-- Task instructions --
Starting at the line containing "Vintage fashion mannequins" and ending at the line containing "KitchenAid ice cream", transcribe the listing below exactly. Keep both end lines, skip the pictures, and copy nothing else.

-- Records to process --

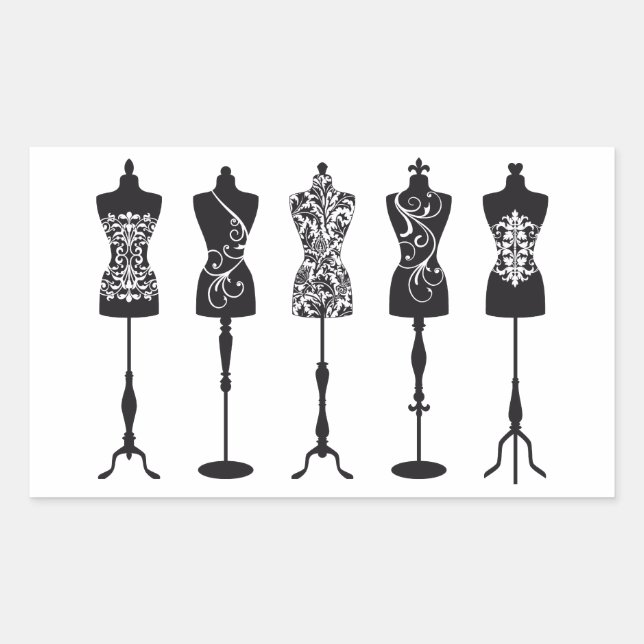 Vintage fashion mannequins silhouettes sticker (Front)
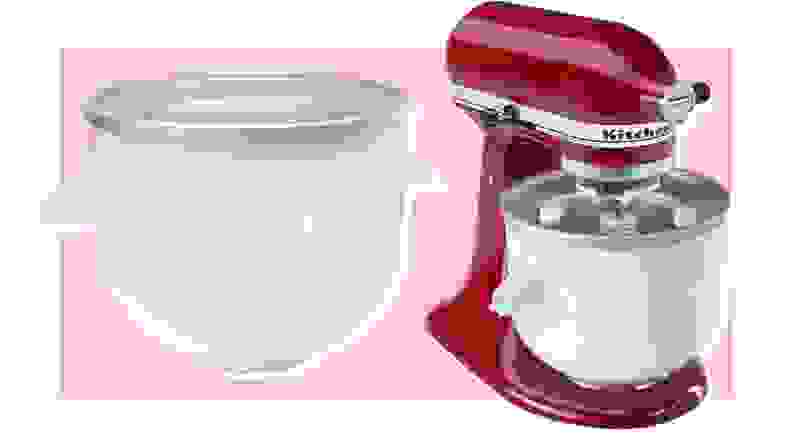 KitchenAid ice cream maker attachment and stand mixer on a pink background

---

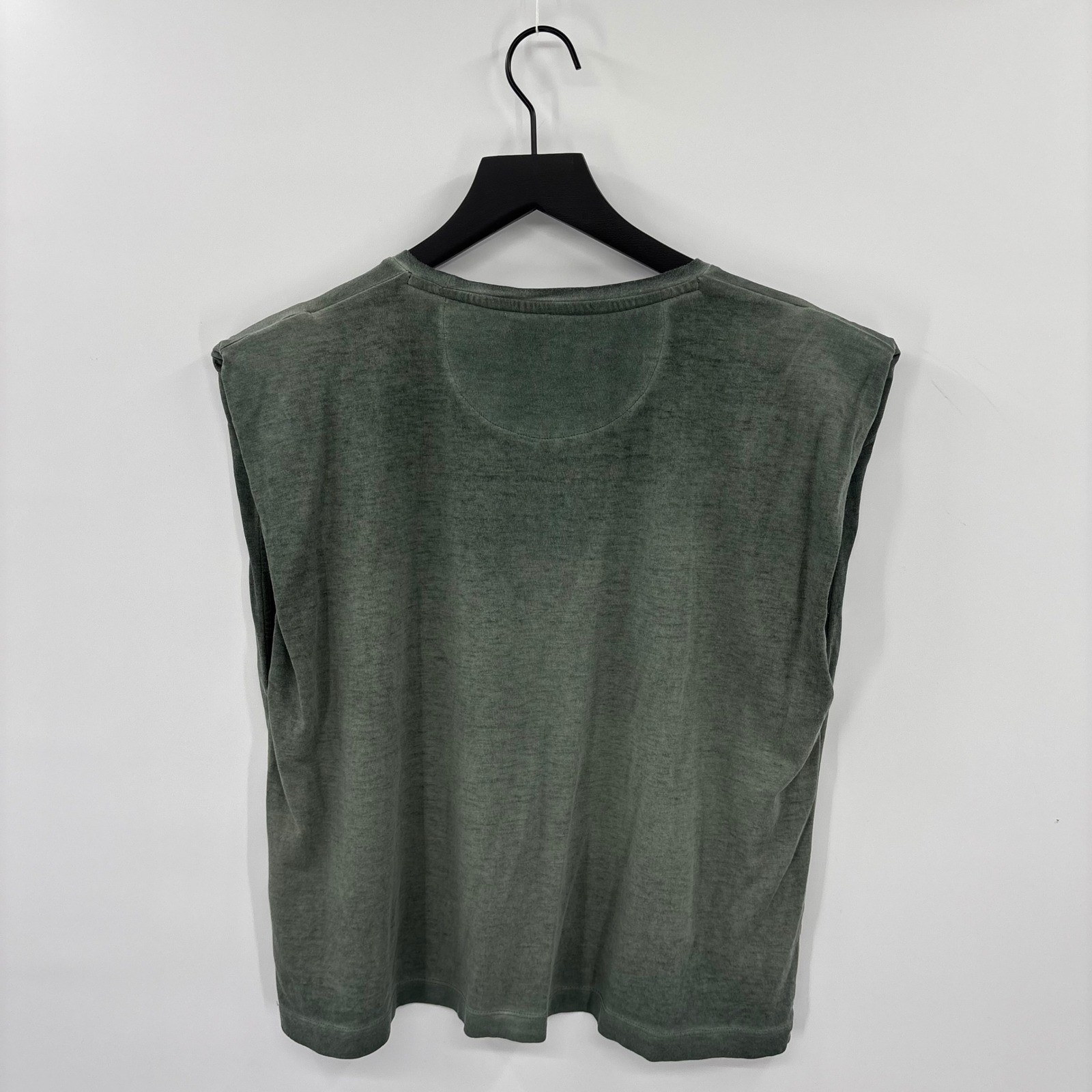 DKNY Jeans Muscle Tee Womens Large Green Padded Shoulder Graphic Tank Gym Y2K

-- Output --
 Vintage fashion mannequins silhouettes sticker (Front)
 KitchenAid ice cream maker attachment and stand mixer on a pink background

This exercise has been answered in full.